22人が立候補して全国でも屈指の激戦となっている参院選神奈川選挙区に、NHK党から4人の公認候補が出馬している。非改選の欠員補充を合わせ計5議席を争う同選挙区では、それぞれ2人を擁立した自民党や立憲民主党を上回り、同一政党として最も多い。ただ、選挙公報で党名を掲げているのは1人だけで、有権者からは困惑の声も聞かれる。N党の狙いは何なのか─。
「どうやったら持続可能な林業ができるか、考えてください」
6月30日、伊勢原駅前。N党新人の飯田富和子氏(53)は、首から提げたスピーカーを通して訴えを続けていた。時折、NHK問題についても言及するものの、演説の大半は自身が携わってきた国内林業の活性化や森林保全の推進が中心。

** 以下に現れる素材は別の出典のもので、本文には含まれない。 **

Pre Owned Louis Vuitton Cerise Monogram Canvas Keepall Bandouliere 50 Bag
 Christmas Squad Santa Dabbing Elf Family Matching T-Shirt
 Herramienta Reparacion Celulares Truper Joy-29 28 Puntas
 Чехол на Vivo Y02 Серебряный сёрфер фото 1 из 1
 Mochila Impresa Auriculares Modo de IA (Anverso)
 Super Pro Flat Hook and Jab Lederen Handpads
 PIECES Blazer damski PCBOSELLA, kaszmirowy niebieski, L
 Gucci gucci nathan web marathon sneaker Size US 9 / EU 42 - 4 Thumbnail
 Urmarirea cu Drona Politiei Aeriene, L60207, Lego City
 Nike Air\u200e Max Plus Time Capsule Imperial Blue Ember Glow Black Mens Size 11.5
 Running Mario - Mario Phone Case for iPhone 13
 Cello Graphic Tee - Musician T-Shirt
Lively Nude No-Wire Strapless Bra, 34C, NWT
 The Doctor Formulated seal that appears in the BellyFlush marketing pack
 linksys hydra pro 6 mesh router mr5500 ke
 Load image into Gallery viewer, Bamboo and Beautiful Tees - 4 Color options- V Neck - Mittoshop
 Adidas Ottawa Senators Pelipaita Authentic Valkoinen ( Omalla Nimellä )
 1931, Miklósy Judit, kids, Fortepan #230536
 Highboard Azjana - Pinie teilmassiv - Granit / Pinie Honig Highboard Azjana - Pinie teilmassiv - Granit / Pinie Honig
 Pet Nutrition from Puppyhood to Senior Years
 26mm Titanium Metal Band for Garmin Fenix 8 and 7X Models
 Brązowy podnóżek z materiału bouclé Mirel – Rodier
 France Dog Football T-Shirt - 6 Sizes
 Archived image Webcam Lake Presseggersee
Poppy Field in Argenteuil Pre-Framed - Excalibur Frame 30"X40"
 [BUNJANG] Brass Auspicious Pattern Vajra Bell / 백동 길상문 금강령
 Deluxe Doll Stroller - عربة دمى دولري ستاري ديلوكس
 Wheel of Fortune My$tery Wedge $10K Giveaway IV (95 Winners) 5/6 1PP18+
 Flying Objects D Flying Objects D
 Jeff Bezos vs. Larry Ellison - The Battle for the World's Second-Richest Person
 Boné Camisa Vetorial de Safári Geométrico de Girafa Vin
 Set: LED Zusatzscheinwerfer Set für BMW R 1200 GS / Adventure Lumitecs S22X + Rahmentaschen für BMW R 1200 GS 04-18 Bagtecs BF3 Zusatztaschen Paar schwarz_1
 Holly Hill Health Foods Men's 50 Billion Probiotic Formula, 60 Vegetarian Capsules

通りかかった男性は「どこの党の候補者か分からなかった」と話した。
N党から出馬した新人4人のうち、党が「一丁目一番地の公約」に掲げるNHKの受信制度改革を中心に訴えているのは、重黒木優平氏(35)のみ。小野塚清仁氏(49)は政治参加の促進、橋本博幸氏(39)はマイノリティーへの支援を中心に訴えており、飯田氏を含めた3人の選挙公報に党名の記載はない。県選挙管理委員会によると、選挙公報や選挙ポスターに党派名を記載する義務はないという。
こうした戦略をN党関係者は「NHK問題を支持する票の分散を防ぎ、支持の裾野を広げるため」と説明。全国で2%以上の得票率を確保し、政党要件を維持する狙いからだという。